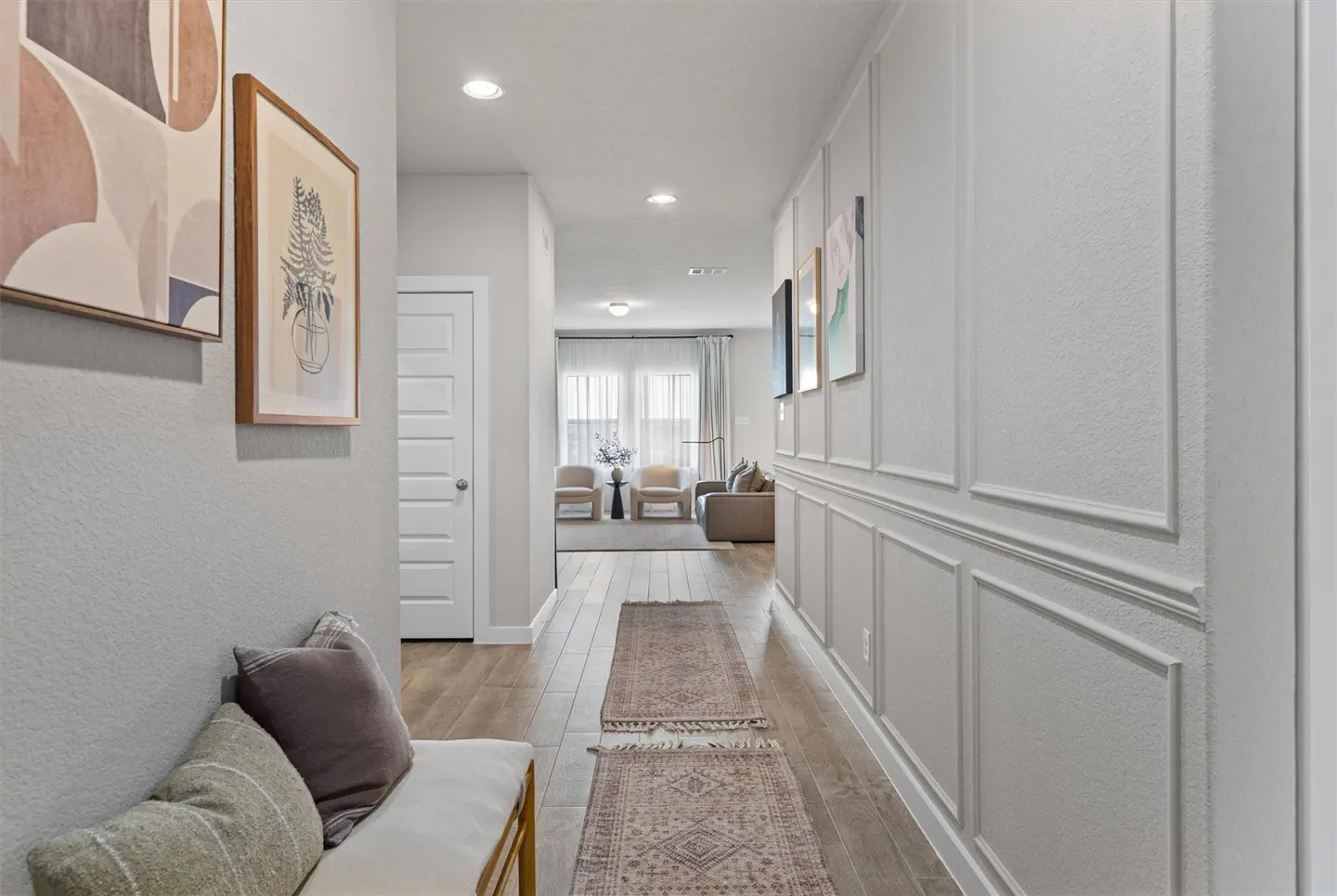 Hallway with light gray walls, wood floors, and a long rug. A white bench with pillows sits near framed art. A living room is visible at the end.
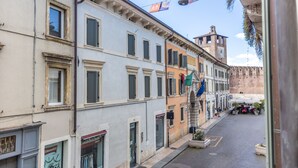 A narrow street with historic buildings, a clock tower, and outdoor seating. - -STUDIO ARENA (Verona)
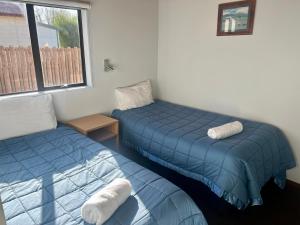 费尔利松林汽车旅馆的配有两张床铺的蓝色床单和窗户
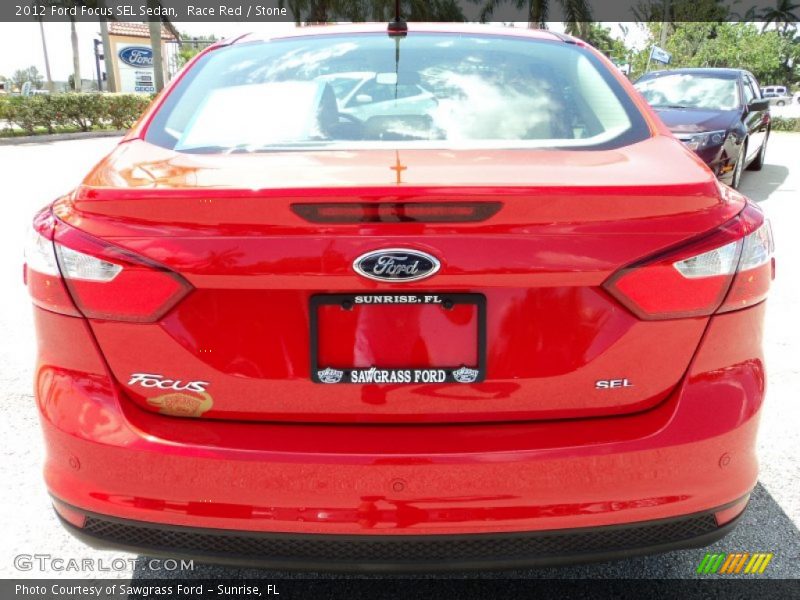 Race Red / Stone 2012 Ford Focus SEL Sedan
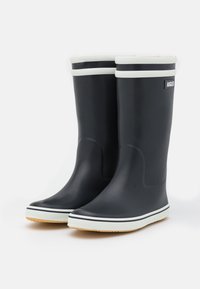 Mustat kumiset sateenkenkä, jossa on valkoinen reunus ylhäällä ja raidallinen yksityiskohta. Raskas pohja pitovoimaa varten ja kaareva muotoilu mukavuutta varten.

◆ ◆ ◆ ◆ ◆

**Aim of the exercise:** Without the pictures, return the entries exactly as they appear.

**Result for this task:**
 Hallway with light gray walls, wood floors, and a long rug. A white bench with pillows sits near framed art. A living room is visible at the end.
 A narrow street with historic buildings, a clock tower, and outdoor seating. - -STUDIO ARENA (Verona)
 费尔利松林汽车旅馆的配有两张床铺的蓝色床单和窗户
 Race Red / Stone 2012 Ford Focus SEL Sedan
 Mustat kumiset sateenkenkä, jossa on valkoinen reunus ylhäällä ja raidallinen yksityiskohta. Raskas pohja pitovoimaa varten ja kaareva muotoilu mukavuutta varten.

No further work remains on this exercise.